Souffrir pour être sauvé?

Bien des gens pensent que c’est en punition à une faute qu’une maladie leur tombe dessus.

« Il faut souffrir pour être sauvé » : des soignants et des aumôniers rapportent entendre encore régulièrement cette phrase terrible dans la bouche des malades. Comme si plus l’on souffre, plus on serait proche de Dieu. Alors que le Christ est venu précisément pour nous guérir et nous libérer de tous maux. Comment faire la part des choses entre les fausses conceptions doloristes et la juste participation à la Passion du Christ ?

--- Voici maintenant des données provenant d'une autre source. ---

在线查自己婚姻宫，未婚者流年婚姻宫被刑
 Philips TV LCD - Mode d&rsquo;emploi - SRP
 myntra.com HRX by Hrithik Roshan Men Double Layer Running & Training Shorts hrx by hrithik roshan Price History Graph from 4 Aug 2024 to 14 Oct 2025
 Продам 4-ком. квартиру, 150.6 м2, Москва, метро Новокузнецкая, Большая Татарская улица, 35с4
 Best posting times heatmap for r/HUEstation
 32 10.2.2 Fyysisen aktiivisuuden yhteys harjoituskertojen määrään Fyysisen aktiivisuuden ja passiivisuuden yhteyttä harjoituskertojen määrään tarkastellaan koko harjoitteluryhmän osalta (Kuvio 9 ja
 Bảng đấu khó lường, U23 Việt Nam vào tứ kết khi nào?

Par François-Xavier Amherdt
Photos : Ciric, Jean-Claude Gadmer, Pxhere, DR

Un texte fondateur

C’est au Mont des Oliviers que le Christ nous livre la clé d’interprétation : « Fléchissant les genoux, Jésus priait en disant : « Père, si tu veux, éloigne de moi cette coupe ! Cependant, que ce ne soit pas ma volonté, mais la tienne qui se fasse ! » Alors lui apparut, venant du ciel, un ange qui le réconfortait. Entré en agonie, il priait de façon plus insistante, et sa sueur devint comme de grosses gouttes de sang qui tombaient à terre. » (Luc 22, 41-44) Le Fils fait tout pour écarter la souffrance loin de lui. Ce n’est pas son vœu. Il ne reste pas seul en ce moment de combat, mais il demeure en lien étroit avec le Seigneur. Finalement, il comprend qu’il ne peut pas faire autrement. Il conserve sa totale confiance envers le Père et s’abandonne à la volonté de ce dernier. Dieu ne laisse pas Jésus seul, mais lui envoie la force d’un soutien pour lui permettre de traverser l’ultime épreuve de la sueur de sang et de la mort. Même sur la croix, le Christ crie : « Mon Dieu, mon Dieu, pourquoi m’as-tu abandonné ? » (Marc 15, 34) Et finalement, « il remet entre ses mains son esprit ». (Luc 23, 46)

Des conceptions erronées : la rétribution
« Nous savons faire de belles phrases sur la souffrance. Mais dites aux prêtres de n’en rien dire, nous ignorons ce qu’elle est. » (Cardinal Veuillot, ancien archevêque de Paris, atteint d’un terrible cancer)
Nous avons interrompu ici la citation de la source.